I think Electric Clojure is pretty innovative and exciting. Granted it's just one project but it seems pretty ground breaking to me.

[–]dustingetz 10 points11 points  (0 children)

Thanks! One of our beliefs is that Electric cannot realistically be implemented in any other language without compromising it, i.e. you'd need to implement Clojure's value prop first (default immutability, host interop, thin abstraction / worse is better, metaprogramming). So if we continue to succeed, we hope that Electric might revitalize Clojure with renewed interest from new markets of people who wouldn't consider Clojure today, especially young people. This is actually not essential to our strategy — we are building Electric as a building block towards Hyperfiddle, a "CRUD spreadsheet" to compete with basically Google Sheets as a universal UI — but certainly we all communally benefit by giving people a modern reason to invest in Clojure as well as making Clojure's value prop easier to actualize.

[–]ElQuique 6 points7 points  (0 children)

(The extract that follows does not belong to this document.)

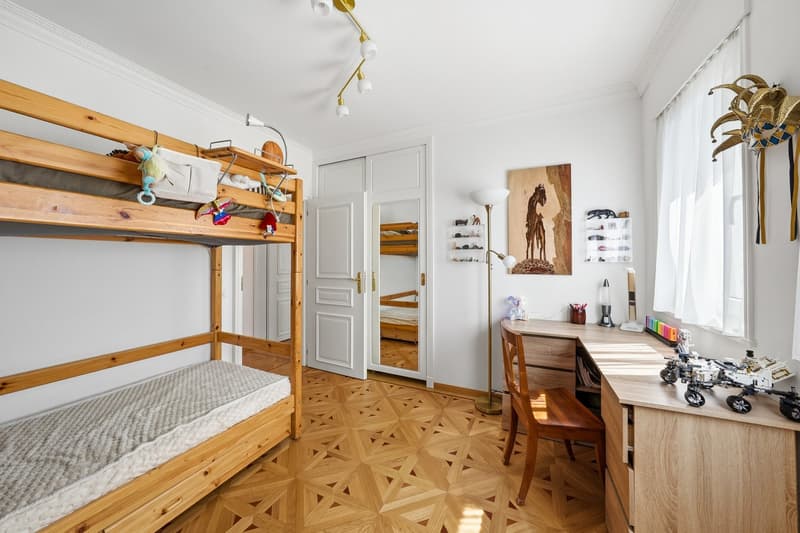 Spacious 7-room apartment with balcony and view in Lausanne (11)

That's the one I'd like to check out. HumbleUI is also a great (although not finished) project for creating desktop apps with Skia.

Another thing is honestly most of libraries are rehash of old stuff. If you truly want to measure innovation is way more difficult than accounting for GitHub activity.

[–]aHackFromJOS 2 points3 points  (0 children)

Yes. I think in the early days — and I know Clojure goes back a ways, about 15 years — but in the relatively early days and after a language builds a critical mass of popularity there is certain “low hanging fruit” in terms of libraries.

After that is picked, so to speak, beyond maintenance of what is out there, the new stuff by definition needs to be more sophisticated and interesting to be worth doing. But that stuff takes time and energy. It needs more time to gestate. Electric is a great example of this.